Background:
I scrape data from 2 sources for upcoming properties for sale, lets call one SaleAnnouncement
, and the other SellerMaintainedData
. They share many of the same field names (although some data can only be found in one and not the other). If an item is coming up for sale, there is guaranteed to be a SaleAnnouncement
, but not necessarily SellerMaintainedData
. In fact only about 10% of the "sellers" maintain there own site with relevant data. However those that do, always have more information and that data is more up to date than the data in the announcement. Also, the "announcement" is free form text which needs to go through several processing steps before the relevant data is extracted and as such, the model has some fields to store data in intermediate steps of processing (part of the reason I opted for 2 models as opposed to combining them into 1), while the "seller" data is scraped in a neat tabular format.
Problem:
I would ultimately like to combine them into one SaleItem
and have implemented a model which is related to the previous 2 models and relies heavily on properties to prioritize which model the data comes from. Something like:
@property
def sale_datetime(self):
if self.sellermaintaineddata and self.sellermaintaineddata.sale_datetime:
return self.trusteeinfo.sale_datetime
else:
return self.latest_announcement and self.latest_announcement.sale_datetime
However I obviously won't be able to query those fields, which would be my end goal when listing upcoming sales.
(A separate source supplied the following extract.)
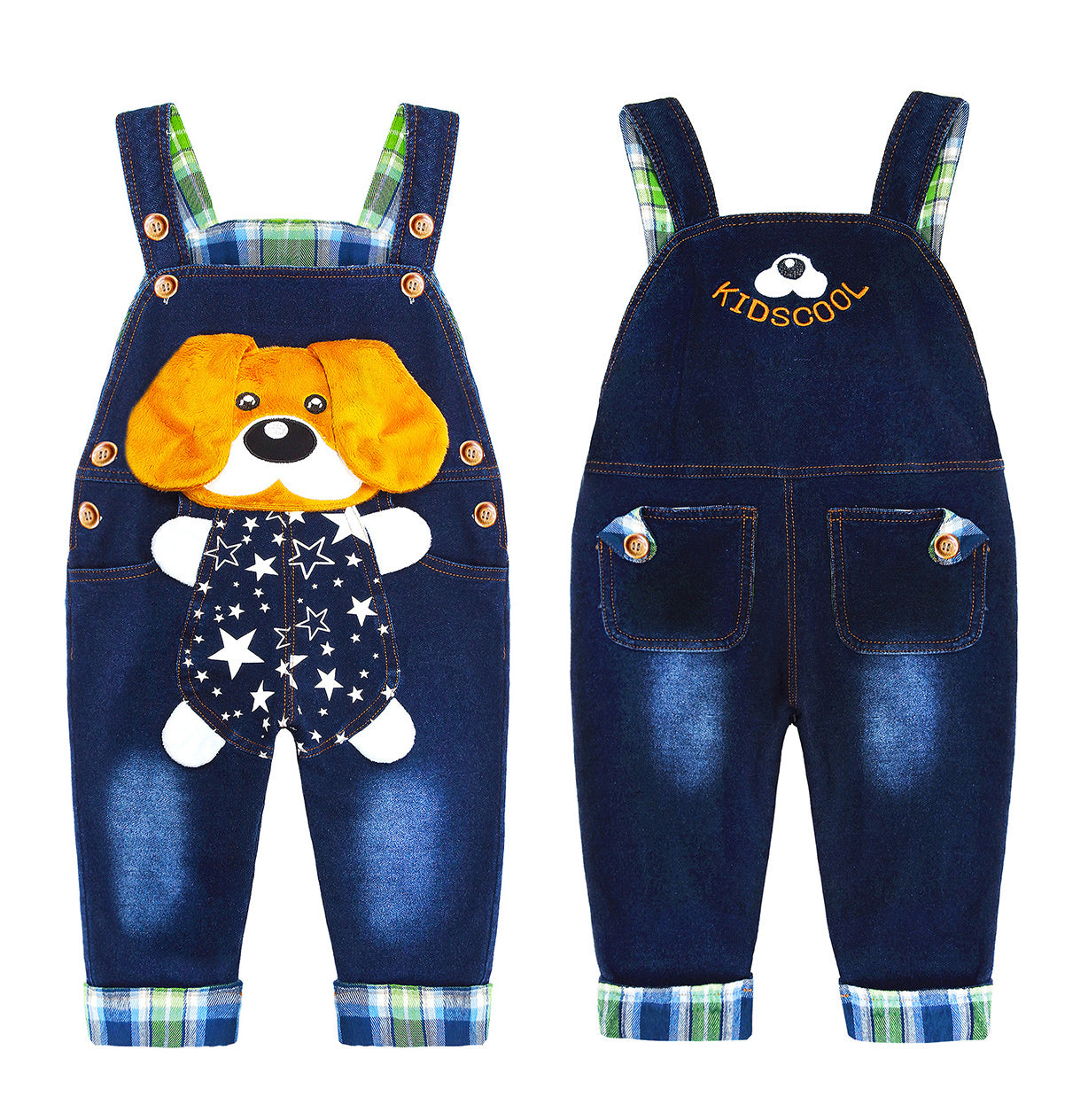 Toddler cartoon dog soft overalls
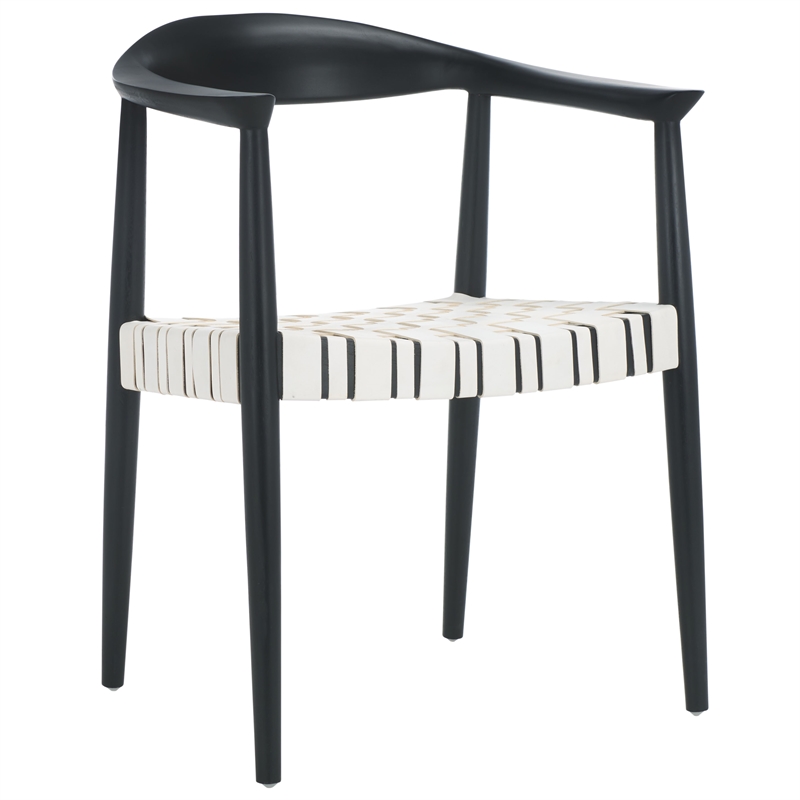 Safavieh Baden Teak Wood and  Leather Accent Chair in White / Black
I have been suggested a solution which involves creating a custom manager which overrides the filter/exclude methods, which sounds promising but I would have to duplicate all the property field logic in the model manager.
Summary (for clarity)
I have:
class SourceA(Model):
sale_datetime = ...
address = ...
parcel_number = ...
# other attrs...
class SourceB(Model):
sale_datetime = ...
address = ...
# no parcel number here
# other attrs...
I want:
class Combined(Model):
sale_datetime = # from sourceB if sourceB else from sourceA
...
I want a unified model where common fields between SourceA
and SourceB
are prioritized so that if SourceB
exists it derives the value of that field from SourceB
or else it comes from SourceA
. I would also like to query those fields so maybe using properties is not the best way...
Question
Is there a better way, should I consider restructuring my models (possibly combining those 2), or is the custom manager solution the way to go?